◆ Task objective: With the pictures left out, write out exactly the lines of the listing below that run from the line with "i2mf is all" through the line with "Homme installant des".

◆ Data shown:
────────────────────────────────────────

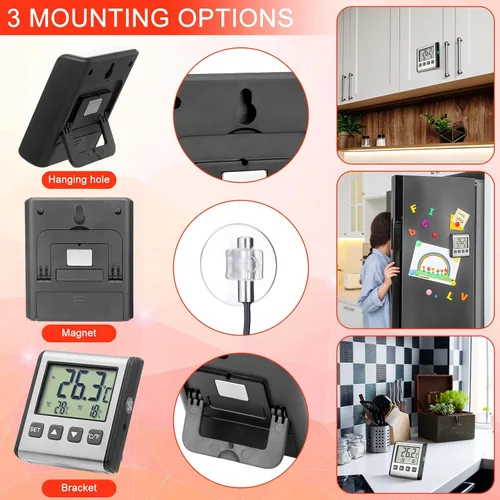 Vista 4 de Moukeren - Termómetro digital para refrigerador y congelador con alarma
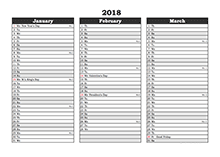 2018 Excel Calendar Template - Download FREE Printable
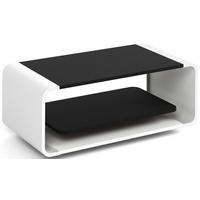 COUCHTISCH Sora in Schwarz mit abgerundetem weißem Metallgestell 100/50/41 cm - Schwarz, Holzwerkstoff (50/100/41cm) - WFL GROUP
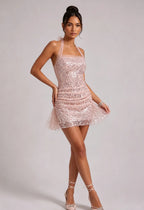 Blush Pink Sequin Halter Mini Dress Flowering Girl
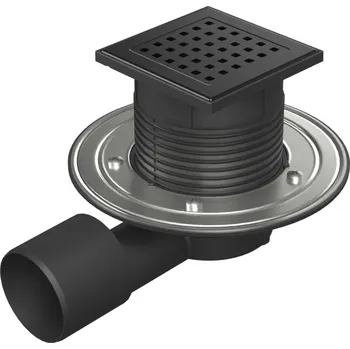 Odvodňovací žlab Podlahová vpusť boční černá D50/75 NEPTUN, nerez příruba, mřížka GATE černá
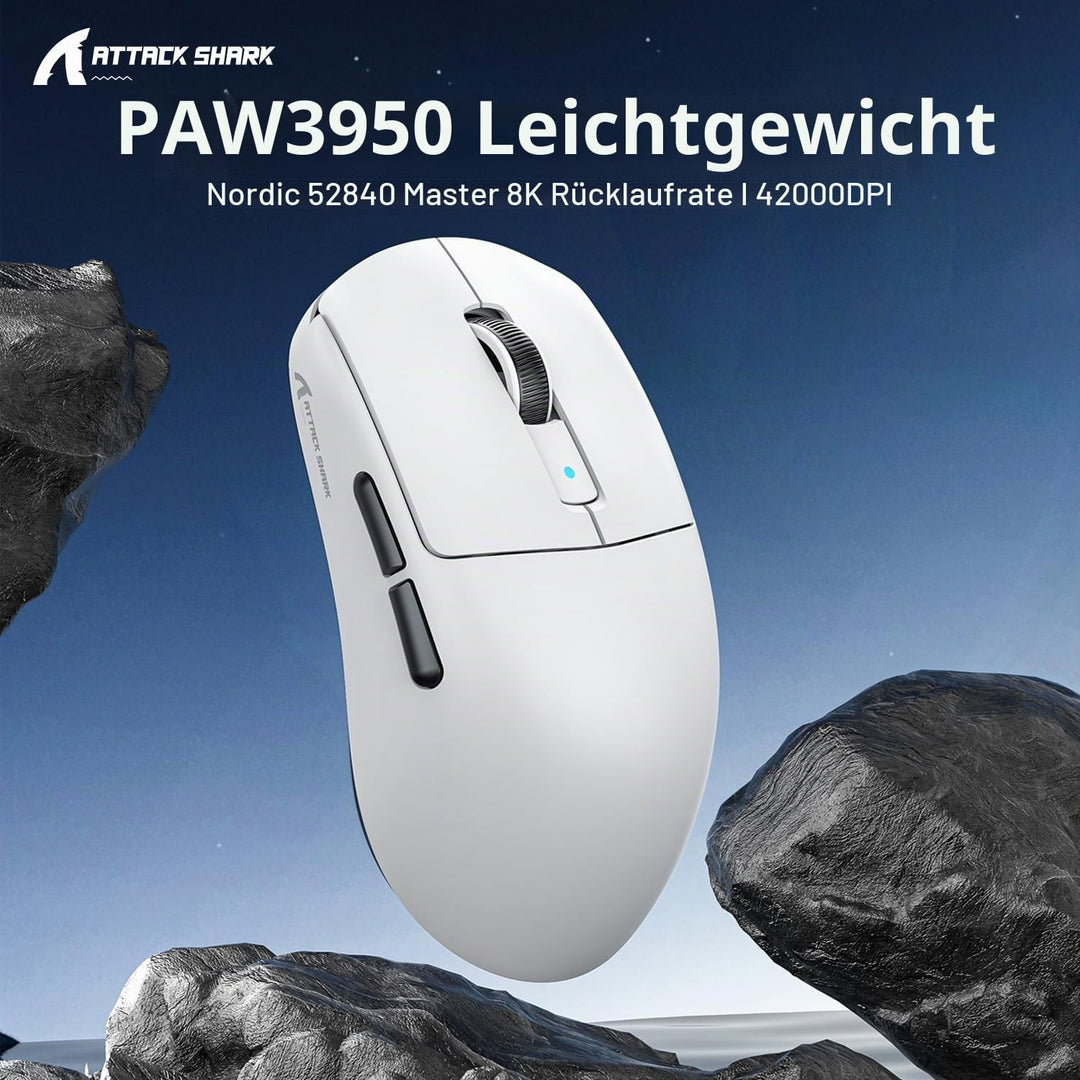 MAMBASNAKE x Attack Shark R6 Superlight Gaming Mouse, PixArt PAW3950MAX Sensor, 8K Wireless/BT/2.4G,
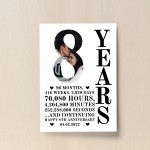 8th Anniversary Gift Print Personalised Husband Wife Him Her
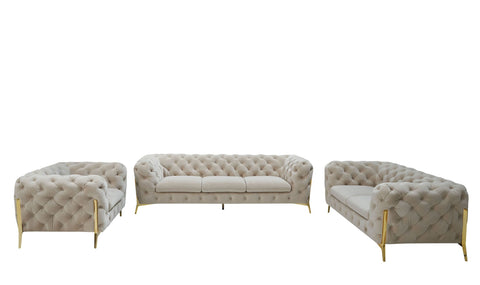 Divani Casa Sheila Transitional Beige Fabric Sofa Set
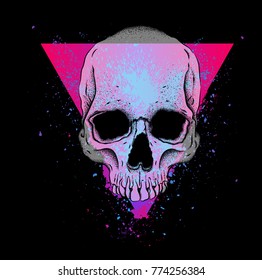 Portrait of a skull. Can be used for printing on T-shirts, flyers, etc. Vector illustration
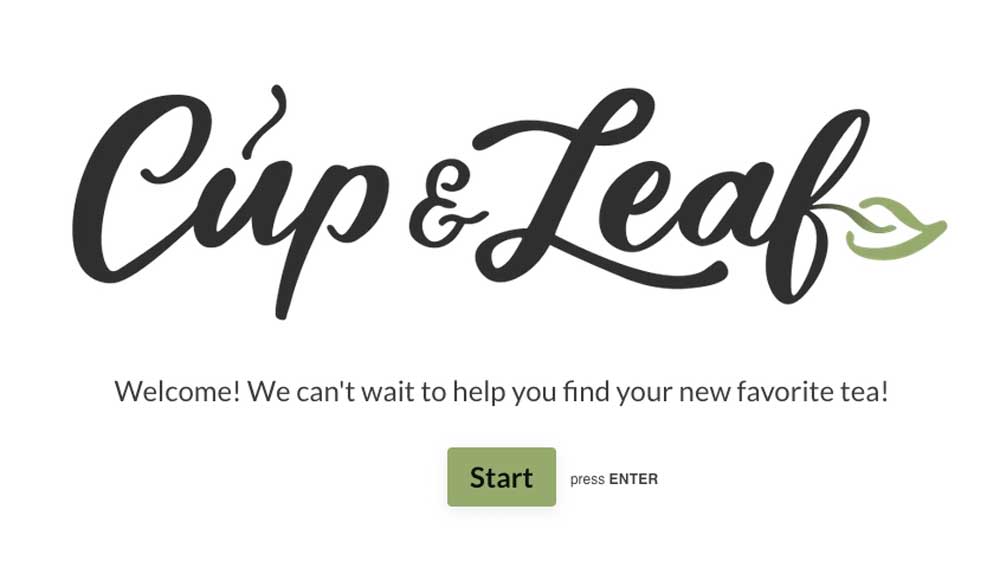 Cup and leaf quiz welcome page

────────────────────────────────────────

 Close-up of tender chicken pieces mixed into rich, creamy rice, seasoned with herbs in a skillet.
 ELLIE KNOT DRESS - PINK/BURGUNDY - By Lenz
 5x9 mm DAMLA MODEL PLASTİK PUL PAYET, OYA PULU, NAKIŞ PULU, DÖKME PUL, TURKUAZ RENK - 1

────────────────────────────────────────

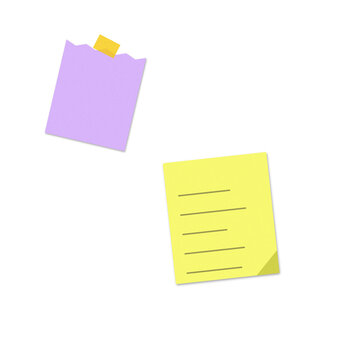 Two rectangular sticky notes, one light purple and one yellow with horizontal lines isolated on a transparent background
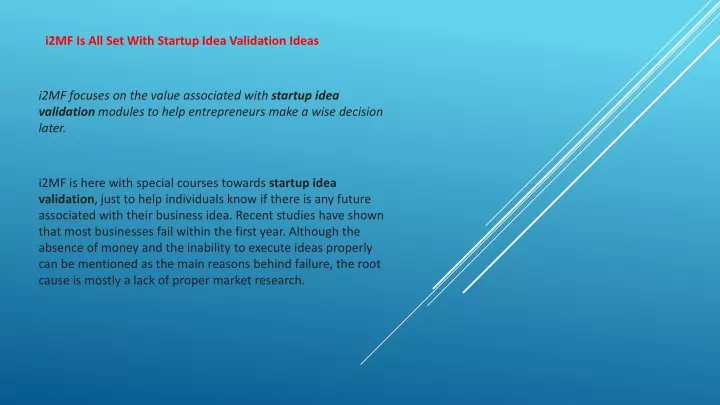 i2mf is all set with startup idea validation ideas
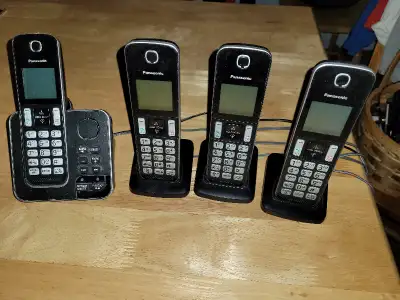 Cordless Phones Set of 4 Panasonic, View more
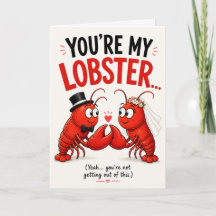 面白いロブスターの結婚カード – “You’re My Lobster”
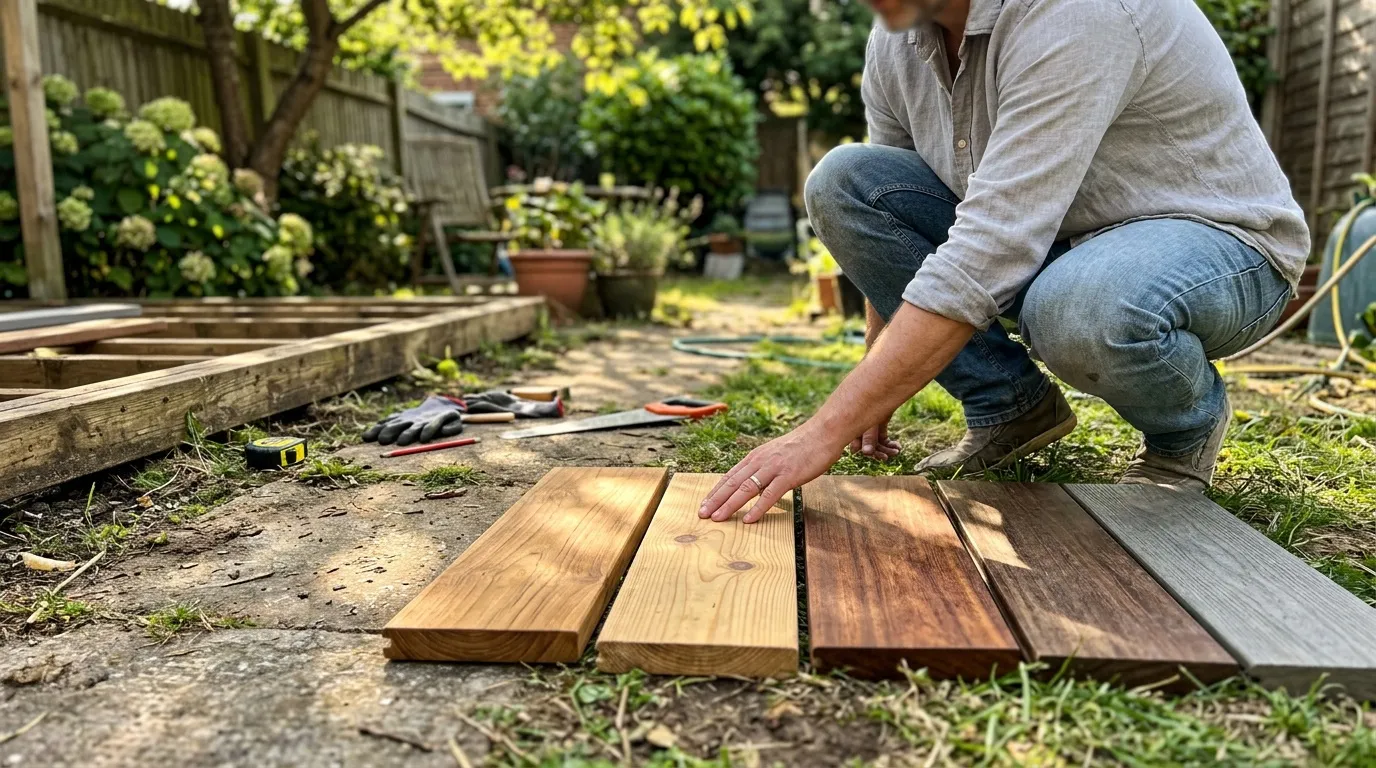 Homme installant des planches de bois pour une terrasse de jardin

────────────────────────────────────────

◆ Solution to this exercise:
 i2mf is all set with startup idea validation ideas
 Cordless Phones Set of 4 Panasonic, View more
 面白いロブスターの結婚カード – “You’re My Lobster”
 Homme installant des planches de bois pour une terrasse de jardin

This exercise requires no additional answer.